Indeed, Bogdan Enoiu, manager of McCann Erickson and president
of IAA when a public statement was released last year in
protest of blackmailing practices from journalists, confirms
that the declaration was "a preemptive action, like
the Bush doctrine, because back then we did not have any
official complaint either." Ralu Filip, president of
the National Council of Audiovisual, a body under parliamentary
control regulating the electronic media market, agrees one
still has to rely on good common sense than official complaints
to get the picture. "One can only asses the phenomenon
according to the outcome: I see television shows or print
articles that fiercely criticize certain products or companies,
and later discover that advertising and favorable coverage
miraculously pops up in the same outlets," says Filip.
However, advertising and media markets are coming of age,
says Enoiu. She points out that "no serious advertiser
would give in to threats when accurate figures of circulations
are available from the Audit Bureau of Circulations Romania."
Radu Florescu, manager of Saatchi & Saatchi, confirms
this position: "In the past it happened to us, but
I refused and continue to refuse any type, shape or form
of blackmail that will try to force us place advertising
in publications against the business interests of my clients.
I couldn't care less what they (the publications) say."

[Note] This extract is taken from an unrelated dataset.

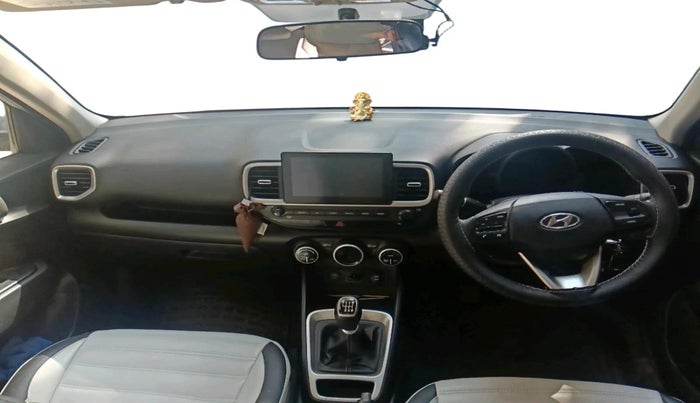 2020 Hyundai VENUE SX 1.0 TURBO, Petrol, Manual, 74,504 km, interior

While stating that the unethical conduct of journalists
it is still a problem, Florescu does not want to name names
saying "I do not want to stigmatize any of them. That
has to be addressed in a very tactful way and I would rather
stress the change in the practice, and demonstrate that
an association of companies with a focus can actually change
the unethical manner of conducting business of some of the
media outlets." But the main solution to stopping the
trend should come from the journalistic community regulating
itself. However, this has not developed yet. A September
report on the freedom of the media in Romania, released
by the Media Monitoring Agency - Academia Catavencu, showed
"a Berlusconi-type" of control spreading over
the local media, with local businessmen and politicians
(often the same persons) taking over local newspapers, radio
and TV stations. It is a formula bound to produce political
distortion of information. The same report notes a positive
trend towards media self-regulation, including the efforts
to draft a journalists' statute under the aegis of the Convention
of the Media Organizations which includes over 30 media
unions and professional associations, and those of the Federation
of the Journalists and Printers Unions to draft a collective
labor contract to be used as a platform for negotiation
with media executives and editors represented in the Romanian
Press Club. Nistorescu, a member of the Romanian Press Club,
says, however, that "nothing is going on in the professional
community." Nistorescu added that he"did not feel
support for his stance on the issue of journalists adopting
the same behavior as those who place pressure on them."